Dataset extract: Begin

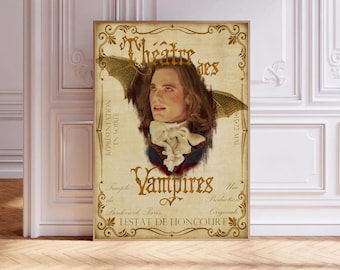 Interview met de vampier, filmposter, canvas, kunst aan de muur, kamerdecoratie, canvas schilderij, ingelijst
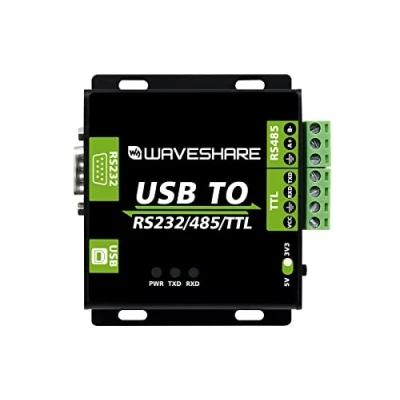 Image of Waveshare USB to RS232/485/TTL Interface Converter Power and ADI magnetical Industrial Isolation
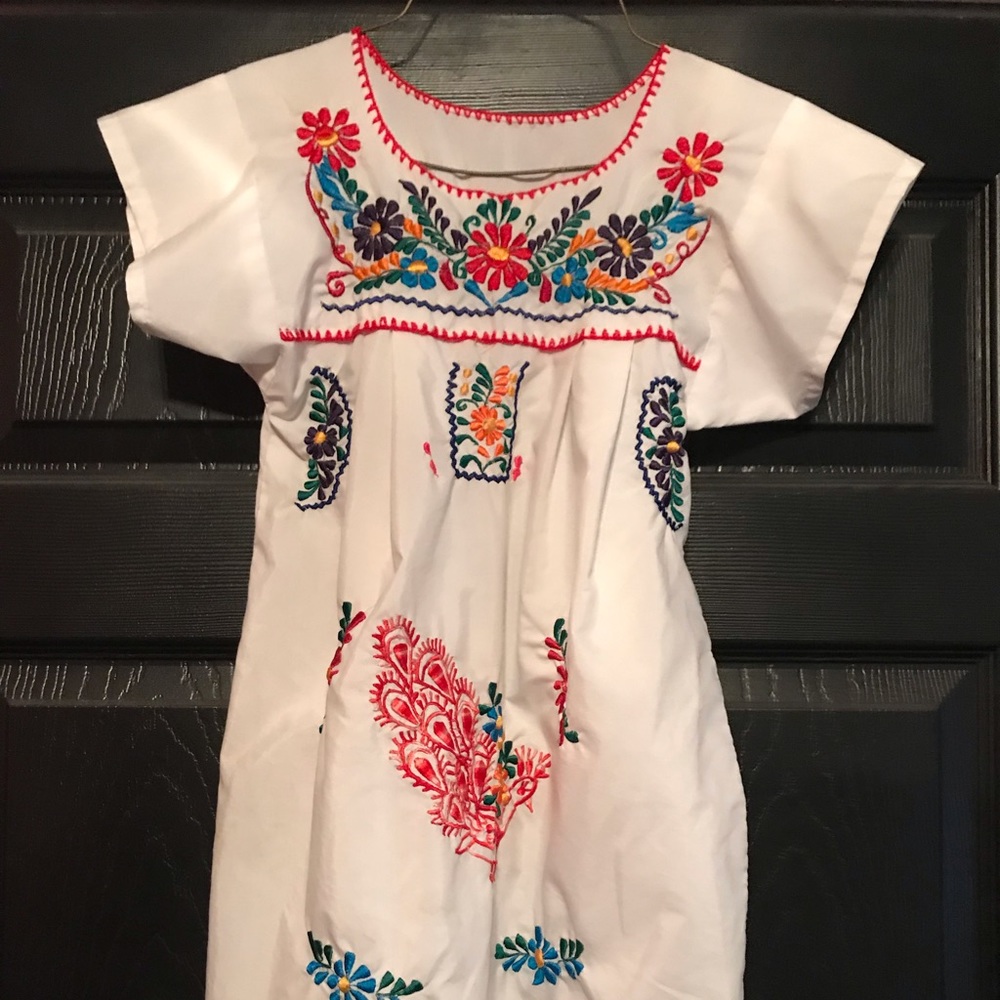 Mexican Fiesta Dress from Mexico. Size 8/10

Dataset extract: End

» Description of the task:
The required output is every line from the one containing "Image of Waveshare" through the last line of the data above, restated exactly and without pictures.

» Exercise solution:
 Image of Waveshare USB to RS232/485/TTL Interface Converter Power and ADI magnetical Industrial Isolation
 Mexican Fiesta Dress from Mexico. Size 8/10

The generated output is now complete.